How to improve a Marketplace?

If you had to improve the Olist marketplace, what would you do? (HINT: Data)

Olist, a Brazilian e-commerce marketplace integrator, has raised more than $126 million since its 2015 inception. Founded with the mission of “empowering trade”, it connects +100k merchants (as of December, 2021) from all over Brazil to different marketplaces with a single contract and a drop-shipping model to send products directly from stores to clients using logistics partners.

The anonymised datasets used in this case study were generously provided by Olist. Consist of a sample of their real data, with information on +100k orders from 2016 to 2018 as well as +8k Marketing Qualified Leads (MQLs) from potential sellers that requested contact between Jun 2017 and Jun 2018. You can find (and play with!) these datasets here and here.

— Olist public data schema. Source: Kaggle & Kaggle

What does to ‘improve’ mean, anyway? Marketplaces performance metrics.

Growth is usually the main goal for any team of most successful companies (once product/market fit is achieved). There are two main components to drive growth 1) the ability to acquire new customers (it is pretty much impossible to grow if the user base is not increasing), and 2) the ability to retain current users (it is really hard to grow while losing past users and, certainly, not sustainable in the long run).
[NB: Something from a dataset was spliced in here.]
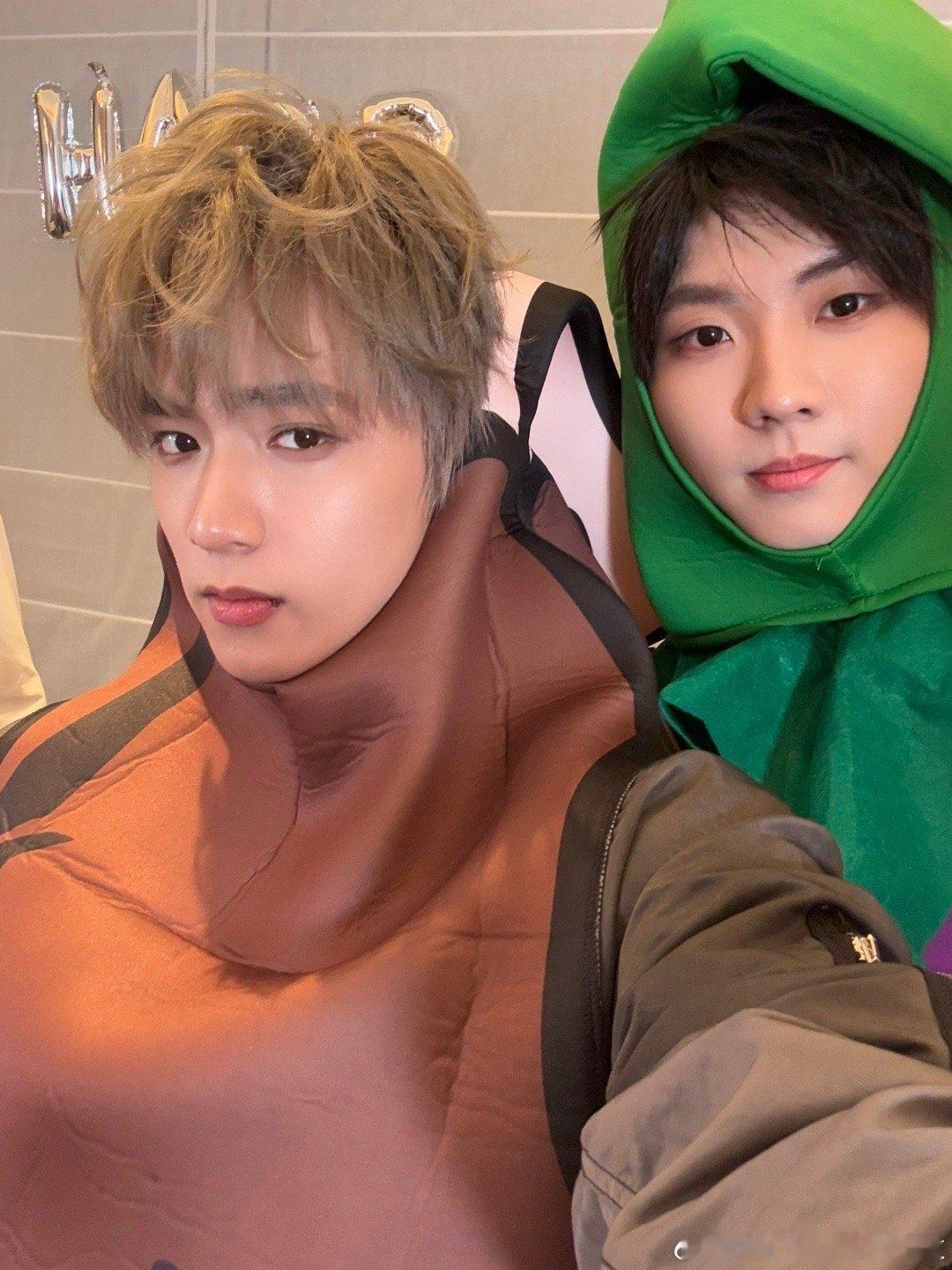 刘耀文张真源晒和马哥的合照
Unlike ‘typical’ 2-sided marketplaces, Olist facilitates the interaction between sellers and buyers by providing the sellers an intermediary unique platform to +10 marketplaces (including Amazon, Mercado Livre,…etc). Based on this business model, Olist’ real customers are the merchants and its (indirect) supply, the +3 million end purchasers.

So, a good metric regarding ‘acquiring new users’ could be: new sellers per month who sell at least 1 product within the first X days (with X being defined by determining a discriminant period on seller LTV). Regarding engagement (retaining current merchants) seller LTV and good reviews (to incentivize network effects) are the key actions Olist want to perform. Average Customer Lifetime Value captures the projected value of a customer for a fixed time horizon, usually enables marketplaces to efficiently allocate budget across different marketing channels and creates better segments. DISCLAIMER: Unfortunately, the provided data doesn’t allow to calculate as we’re missing important info to determine Customer Adquisition Cost. To resolve this, I will calculate average monthly GMV per seller (Gross Merchandise Value) as a target sustitute in the model BUT I’ll use both terms indistinctly along this project.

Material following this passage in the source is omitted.